Witamy Fora Rozmowy DDA/DDD Wygadać się..

Przeglądasz 6 wpisów - od 21 do 26 (z 26)
  • Autor
    Wpisy
  • man
    Uczestnik
      Liczba postów: 303

      wilczek napisał:
      ” No bo przecież trzeba być twardszym niż najtwardsi. Jakieś uczucia?, przecież facet nie ma uczuć, musi być twardy. Smutna prawda, ale w takim właśnie jestem gronie.
      :y32b4:”

      O to jest to wilczek z czym się zmagałem/zmagam.Bardzo istotna sprawa, blokujaca moj rozwoj.. Kiedyś poruszyłem ten temat. Ale czy zastanawiałeś się kiedyś czy ten społeczny paradygmat bycia twardym rzeczywiście jest taki na czasie?
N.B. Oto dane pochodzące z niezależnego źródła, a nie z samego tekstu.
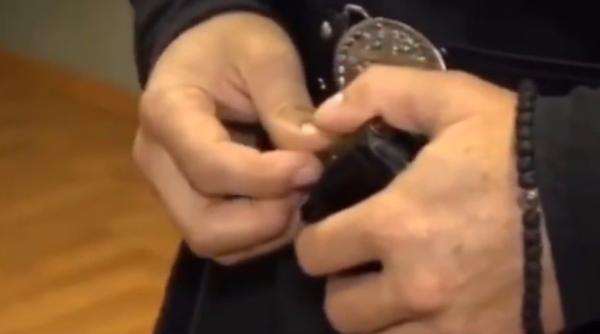 video un calugar ii invata pe recrutii rusi cum sa incarce o pusca si ce rugaciune sa spuna atunci cand fac asta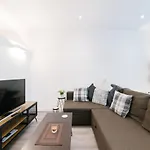 Milton Keynes Central Business Hub Apartment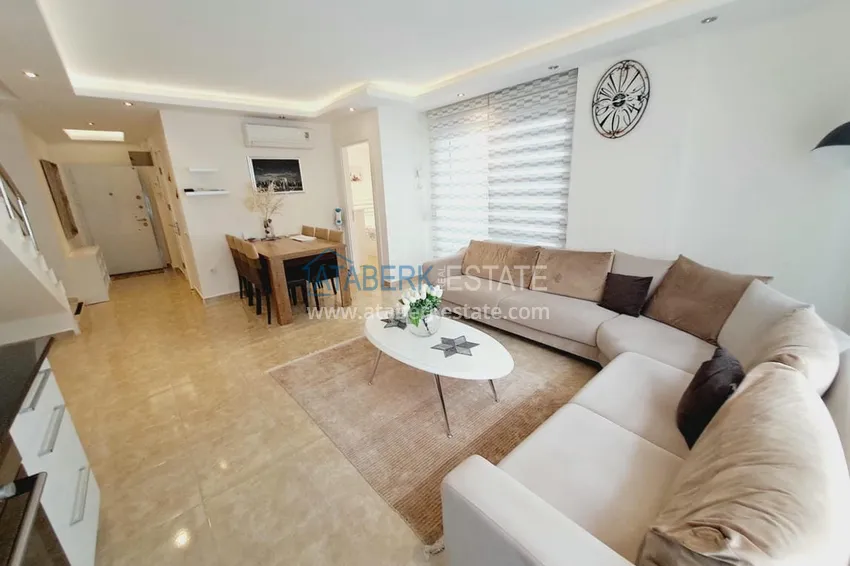 Kupuj  Umeblowane penthouse'y z przeszklonymi balkonami w centrum Alanyi - Plaża Kleopatra 2 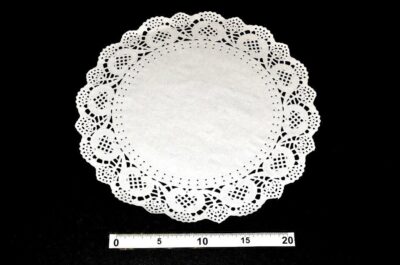 Tortová podložkapapierová podložka pod tortu alebo koláčiky. 8 ks / baleniepriemer : 32 cm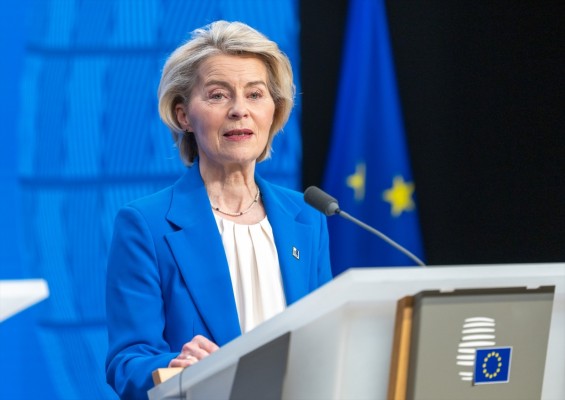 Von der Leyen pide una Europa más independiente económicamente en un orden global 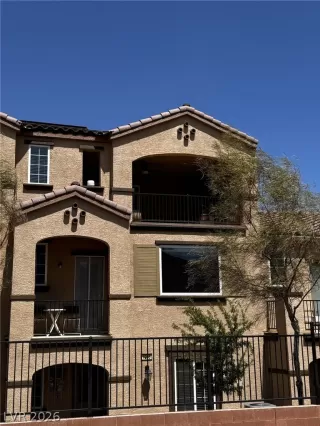Photo #5: 2775122 Listing 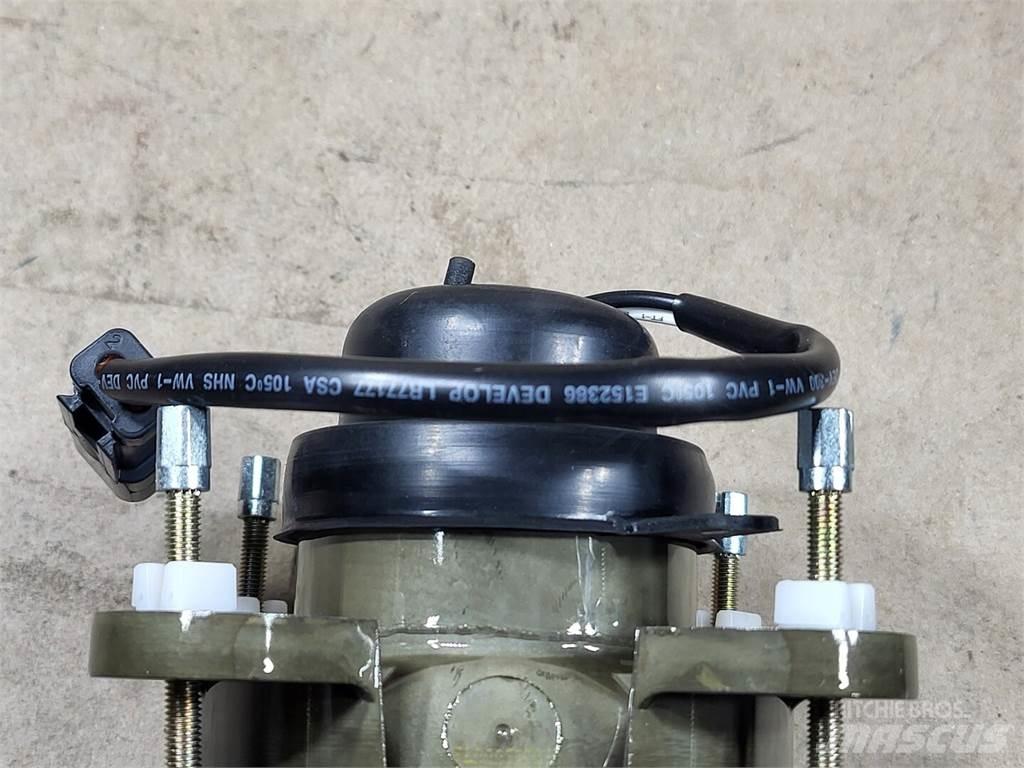 Komatsu 56D-06-31723 その他部品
Wydaje mi się, że czasy się zmieniły, a bycie twardym facetem zaczynam rozumieć trochę inaczej. A może my wyolbrzymiamy ten termin bo doznaliśmy urazu i nie czujemy się 100% facetami.
      Moim zdaniem siła bierze się z okazania słabości co wiażę się z akceptacja pewnych faktow. Po co być twardym na zewnatrz?? Nie lepiej dojrzewać w środku i budować silne poczucie wartości i bezpieczenstwa, ktorego nic nie będzie w stanie złamać oprocz nas samych. Po co się porownywać z innymi. Weżmy takiego typowego twardziela, ktorego poczucie własnej wartości ulokowane jest np w samochodzie . A co jak mu go skasuja.. co się stanie z jego pewnościa siebie??

      man
      Uczestnik
        Liczba postów: 303

        anis79 napisała:
        Mpmanie plis podziel się jutro wrażeniami, bo ja mam pietra. :rolleyes:”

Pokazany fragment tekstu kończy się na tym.